A manifestação não foi espontânea, mas nem por isso deixa de dar uma dimensão dos monstros que crescem a olhos vistos em nossa sociedade, como a validar o alerta do filósofo Friedrich Nietzsche: “Aquele que luta com monstros deve acautelar-se para não tornar-se também um monstro. Quando se olha muito tempo para um abismo, o abismo olha para você”.
Em “Além do Bem e do Mal”, Nietzsche discute dois conceitos que se adéquam bem ao cenário atual. Um deles é a “vontade de poder”, que permitiria ao indivíduo desenvolver seu potencial máximo, de modo a se tornar um super-homem, que estaria acima das massas. O outro conceito é a “moral do senhor”, que, em contraposição à do escravo, seria a única capaz de apontar o bom, o verdadeiro e o belo, devendo ser imposta e seguida.
Nietzsche fala dos abismos interiores dos indivíduos, que, em suas lutas com monstros, se defrontam com os próprios demônios. E a quantas monstruosidades não temos assistido no Brasil! A começar pela sangrenta crise no sistema carcerário, mais um reflexo do retrocesso trazido pelo “desgoverno” de Michel Temer, assim como a perda de valores éticos e o desmonte dos direitos.
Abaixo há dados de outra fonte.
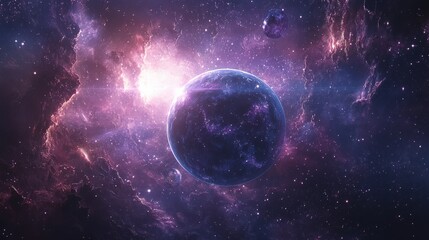 Obraz premium Blue and Pink Planet with Two Suns in Deep Space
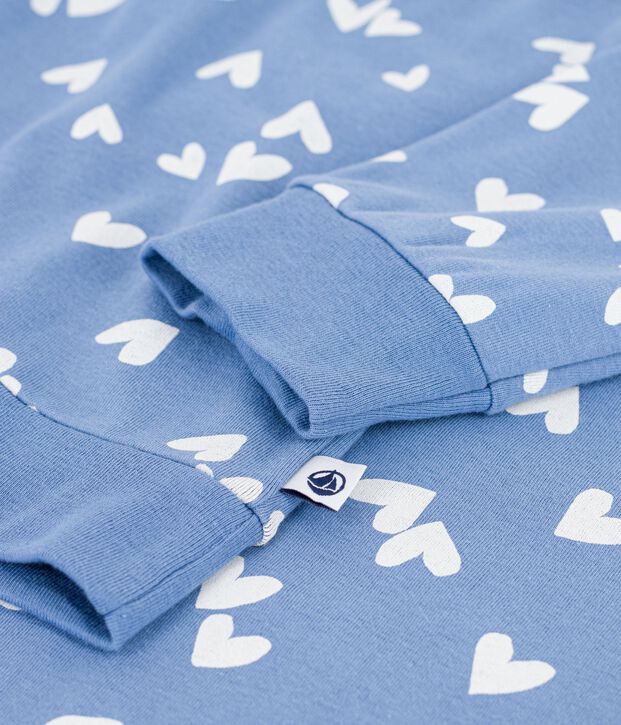 Women's heart print cotton pyjamas blue/white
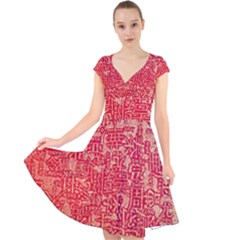 Chinese Hieroglyphs Patterns, Chinese Ornaments, Red Chinese Cap Sleeve Front Wrap Midi Dress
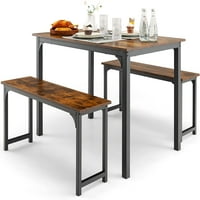 3-komadni stolni sto sa klupama, kuhinjski stol za stolu set Drveni kuhinjski stol i stolice za ograničen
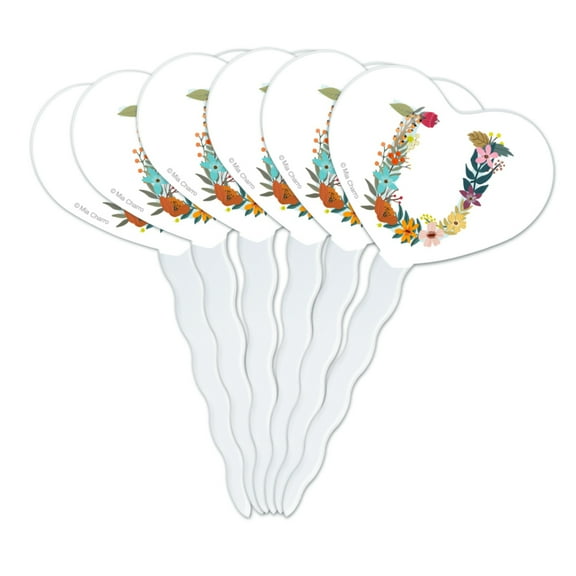 Letter U Floral Monogram Initial Heart Love Cupcake Picks Toppers Decoration Set of 6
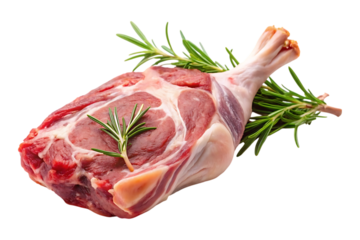 raw whole lamb leg image isolated on transparent background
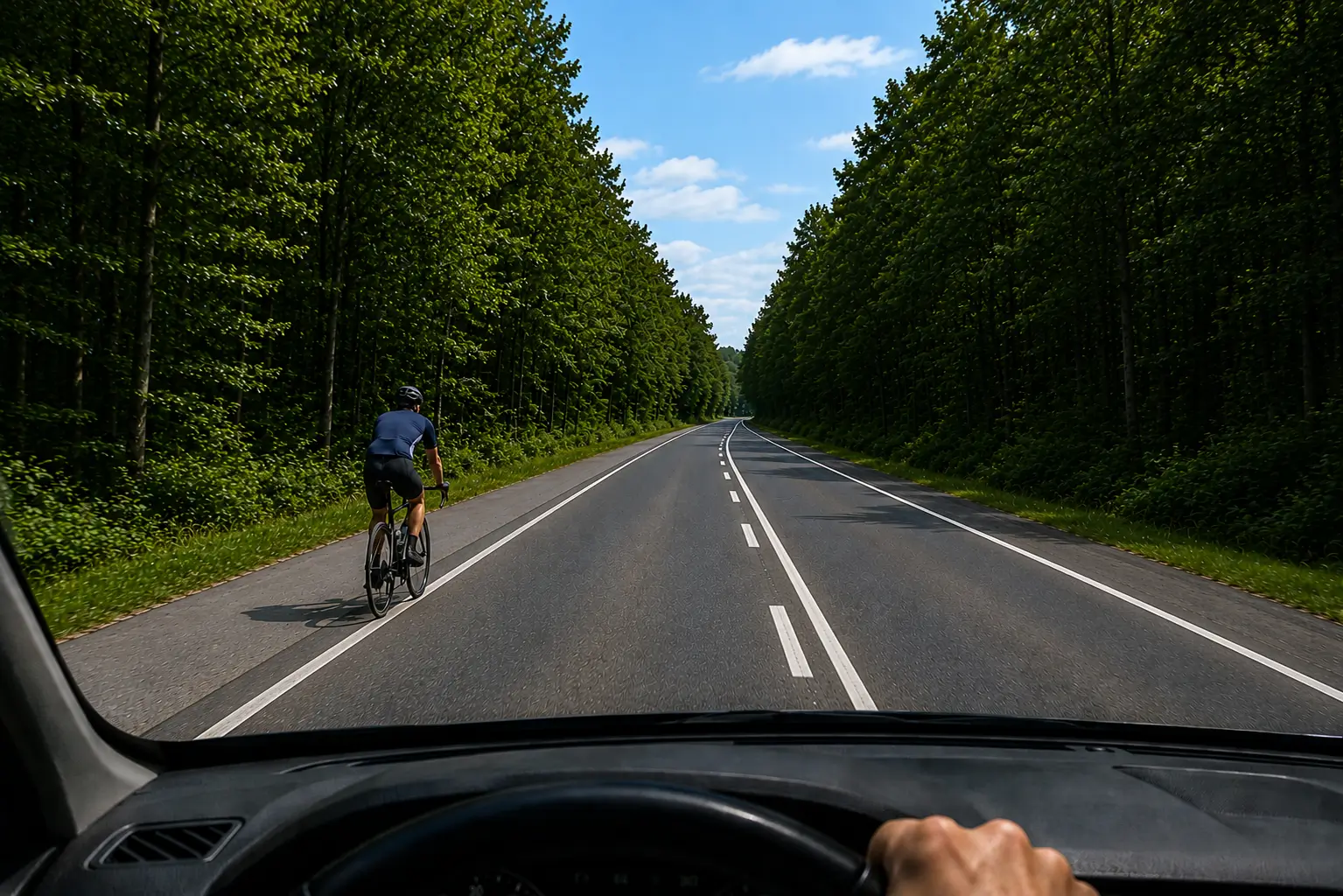 Photo of road with dashed centre line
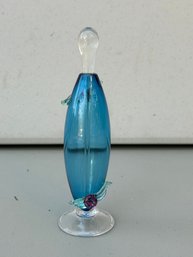 Vintage Lewis Olsen Hand-blown Art Glass Perfume Bottle Blue Adorned With Red Roses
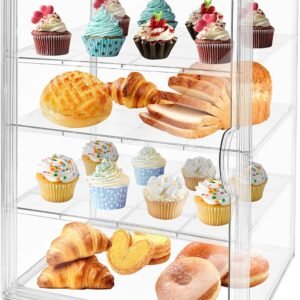 oem/odm montex large bread box for kitchen countertop, 4 tiers adjustable food safe clear bread storage for bread, bagel, muffins wholesale supplier & factory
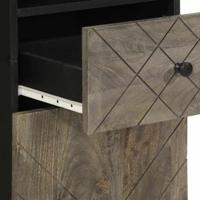 Badkamerkast 38x33x160 cm massief mangohout zwart - thumbnail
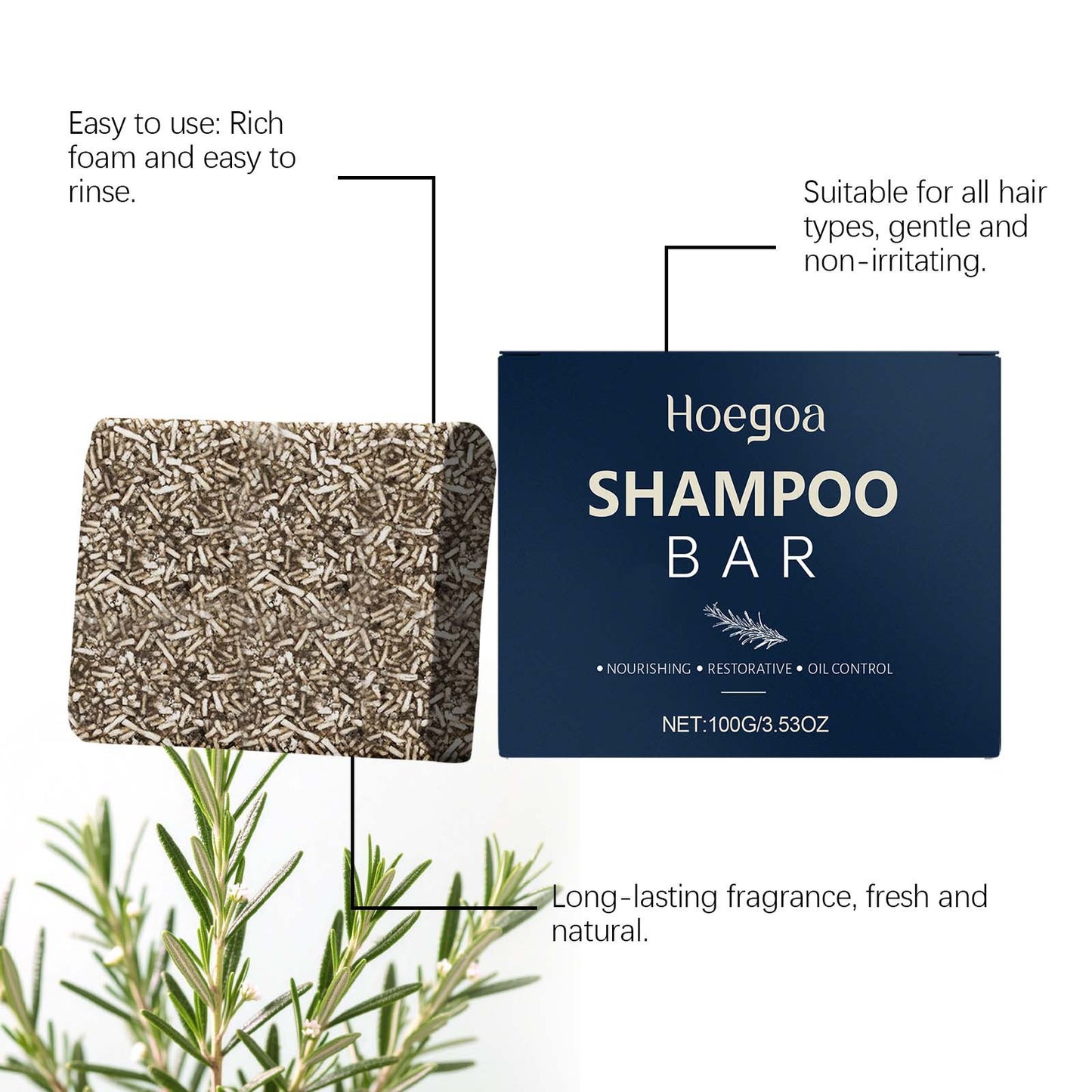 Shampoing solide nourrissant Hoegoa – Réparateur et régulateur de sébum pour cuir chevelu sensible 100 g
Nossos piores monstros, porém, não estão nas cadeias, mas no abismo da desigualdade social. Levantamento recente mostrou que no Brasil seis privilegiados detêm riqueza maior que 104 milhões de pessoas, cerca de 50% da população. Este é, com certeza, um dos fatores que levam à superlotação dos presídios e ao avanço da criminalidade. Alia-se a um Poder Judiciário que vê no encarceramento a única solução, fazendo com que os autores de pequenos delitos representem 80% da população carcerária do país, numa evidente criminalização da pobreza.
Enquanto isso, os piores monstros permanecem à solta. Estão na mentalidade tacanha e vingativa de parcela de nosso povo, que, manipulada por “Bolsonaros”, comemora as chacinas nos presídios. Estão nos abismos interiores que, em tempos de crise política, econômica e ética, encontram campo fértil para se revelarem.
Há que se resgatar valores e buscar caminhos. A crise, seja prisional, econômica ou social, é fundamentalmente política, e a saída também. Para não nos tornarmos monstros, precisamos retomar as lutas pelos direitos, pelo resgate da dignidade humana e das causas dos pobres, dos índios, dos negros, dos imigrantes, das mulheres e de LGBTs. Devemos ter a coragem de nadar contra a maré, por uma assembleia constituinte popular e democrática, capaz de construir um novo modelo político, ético e representativo. Acautelar, nesse caso, é sinônimo de participação social.
Durval Ângelo é deputado estadual (PT) e líder do Governo na Assembléia de Minas Gerais.